Cold man. Very cold. Could charge for that experience heh. You kinda sound bitter. Oh well me personally, alot of talking to old folks that aren't physically able to take care of their hives got me started. Didn't cost me a thing, got alot of cheap and free gear and bees that way. Usually Ill take them a watermelon, or a turkey for thanksgiving or something. I guess I've adopted a couple of old fellas that way. Then again maybe they were just desperate sideliners with a lot of pity for their bees. Then again, none of them knew much about "the mite"(s).


----------



## JohnK and Sheri (Nov 28, 2004)

Rob we shake them here in Wisconsin. Our goal is April 1, that is when our queens are ordered for. It might be a few days later in the month that we actually start shaking, but sometime in the first week the past few years. We seem to get days warm enough to get it done. We have a fairly early spring nectar flow here so it is tough when the weather is as bad a last year...but then everything was late last year.
Sheri


----------



## dnelson (May 19, 2009)

gregstahlman said:


> i totally agree that there is a big difference between running 5 hives and increasing to 50. people often times dont realize all the equipment and other operating expenses it takes to increase number. In my opinion, i would never hire anybody to come work for me to learn my "tricks of the trade." my family has worked hard for 5 generations to survive in this industry. everything that we have learned over the years has came with a hefty price. just part of the learning experience and that is why we have been in the buisness for almost 110 years.

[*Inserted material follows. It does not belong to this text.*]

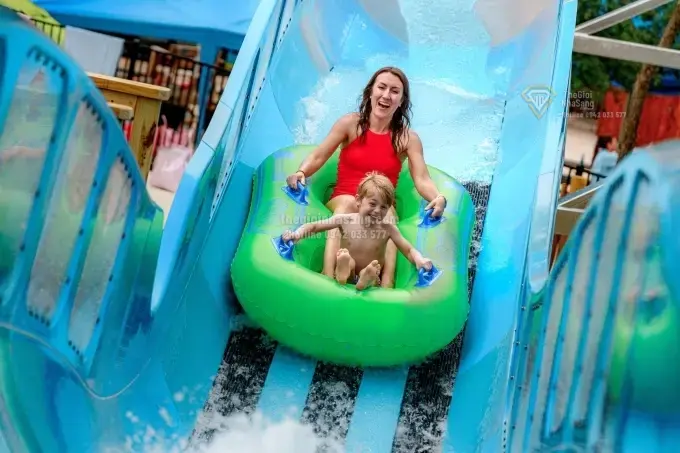 Sun World Vũng Tàu chính thức mở bán vé: Cú hích mới cho thị trường bất động sản và du lịch nghỉ dưỡng ven biển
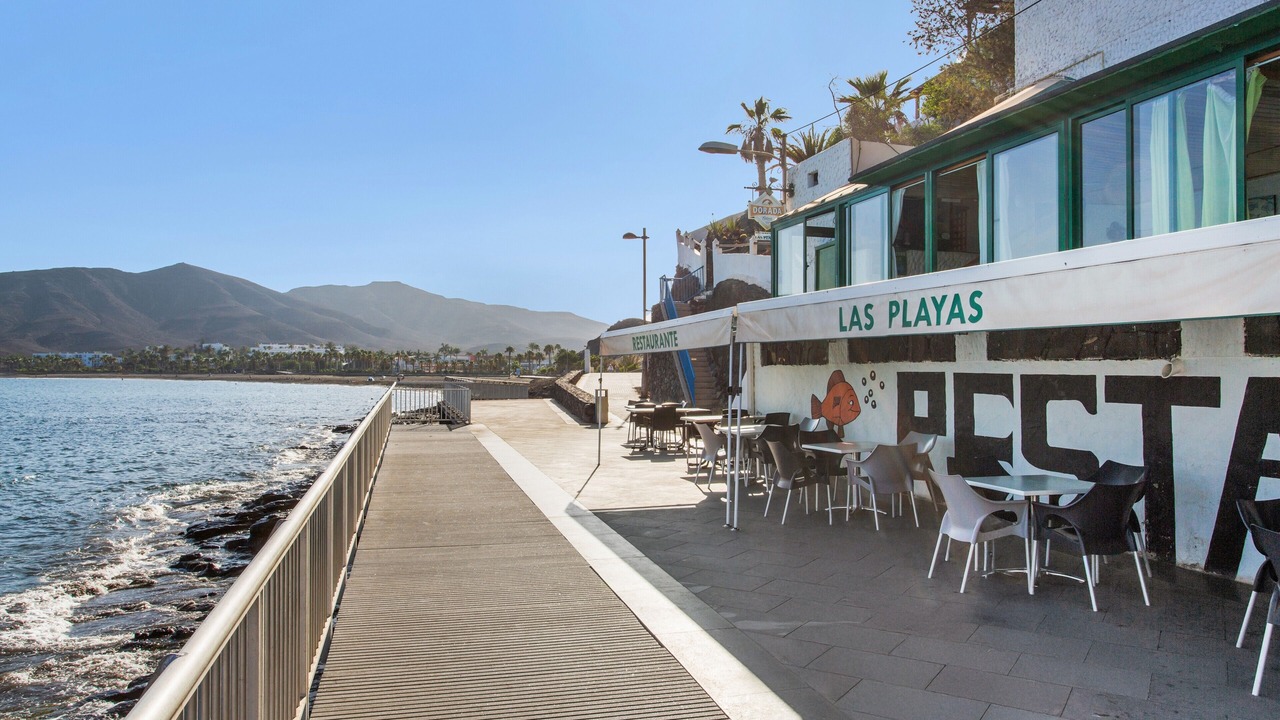 Photo of Outdoor in Las Playitas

I'm sure alot of people "DO" realize the cost involved with increasing a substantial number of hives. That is why some of us "people" have already been manufacturing our own woodenware and saving money and investing money. My family has also worked hard doing all that they have done as well, most of which are business owners. I didn't just decide this year to go from 5 to 50 hives overnight. This has been 12 years in the making with a lot of study and number crunching, with 6 kids i couldn't have done it any sooner. But for those who care, I have taught beekeeping to over 600 people this past year alone. I don't want to go and work for someone who thinks they have all the secrets and everyone else can rot. I would rather learn some hard lessons myself along the way and make it, then just sit around here afraid to move and do nothing.


----------



## Skinner Apiaries (Sep 1, 2009)

oorah nelson.


----------



## G B (Nov 6, 2009)

Hello,I am brand new to keeping bees. I have some nucs ordered from J. Clemens next spring. So at this point I have my equipment but no bees in hand, would a newbee be laughed out of the convention? I have family up in Sac and it would make a nice trip. thanks George


----------



## Beeslave (Feb 6, 2009)

G B said:


> would a newbee be laughed out of the convention?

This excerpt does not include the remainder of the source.